The UN agency is now rapidly pre-positioning aid to support up to 250,000 people who may be forced to flee if the situation deteriorates further.
Abdallah Alwardat, WFP’s Country Director for Sudan, said: “We must act swiftly to save lives as per our humanitarian mandate…This action, however, comes at a cost”.
He warned that the agency was diverting food stocks originally intended to be pre-positioned ahead of the rainy season, adding: “In September, we will run out of food for our emergency operations across the country, which today reaches just one in five people in need of food assistance for survival”.
The Rapid Support Forces (RSF) are attempting to seize El Obeid, which hosts a major air base and an infantry division and sits on a major road linking Sudan’s Darfur region to Khartoum.

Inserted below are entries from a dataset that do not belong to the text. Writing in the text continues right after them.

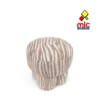 Puff Jay (54) - 05_beige_05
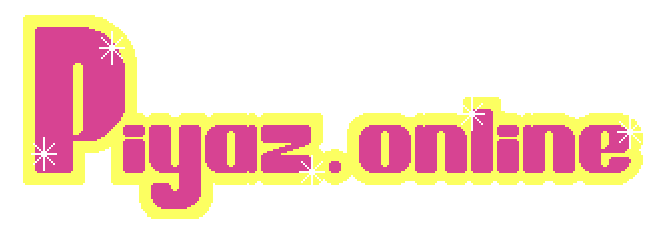 Piyaz Online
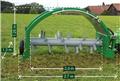 Other fertilizing machine / accessory  Gujer Kompostwender TG 201 TOP für Hoflader, 2023
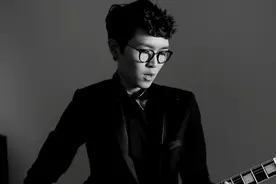 方大同去世，气胸到底是什么？图片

If captured, it would give the paramilitary group control of a key corridor towards the capital and a fresh operating base for attacks across central Sudan.
El Obeid is also a critical humanitarian hub for the wider Kordofan region, now a key frontline in Sudan’s war between the army and the RSF, which erupted after two formerly allied generals turned on each other in April 2023.
Now in its fourth year, the conflict has been marked by massacre, mass displacement, famine and attacks on healthcare, and has been described by the UN as “the world’s worst humanitarian crisis”.
International concern has now intensified around El Obeid, with the UK and six other European powers calling for an immediate halt to violence earlier this week.
Yvette Cooper, the foreign secretary, warned the city was on the “precipice of atrocity”, with the RSF using drones to target civilian infrastructure, attacking supply routes and cutting off access to basic services.
She wrote on X: “I am deeply alarmed by the immediate and escalating risk of new atrocities in Sudan.
“We have pushed the UN Security Council to agree unanimously that the RSF assault on El Obeid must stop, that civilians must be protected, and that there will be no impunity for the perpetrators of war crime”.
However, earlier this week, Nathaniel Raymond, executive director of the Humanitarian Research Lab at Yale School of Public Health, told Parliament that Britain had previously failed to act for fear of upsetting the United Arab Emirates, which backs the RSF.
The leading war crimes investigator said Britain had been uniquely placed to prevent the slaughter of an estimated 60,000 people in El Fasher, the capital of North Darfur state, in October last year, but did not intervene forcefully enough.
UN investigators later concluded that the RSF’s ethnic purge bore “the hallmarks of genocide”.
As the UN security council “penholder” on Sudan – meaning it leads on drafting resolutions and co-ordinating the council’s response to the conflict – Britain was, Mr Raymond said, still the world’s “best hope” of preventing atrocities.
This week, Mr Raymond said that in El Obeid rainfall and disease could ultimately pose a greater threat to civilians than direct fighting.
He warned that flooding in low-lying areas where displaced people are sheltering could contaminate water supplies and trigger large-scale outbreaks of waterborne disease.
“We could have dysentery, cholera, and malaria affecting people who are already weakened, and that can kill more people than bombs or bullets,” he said.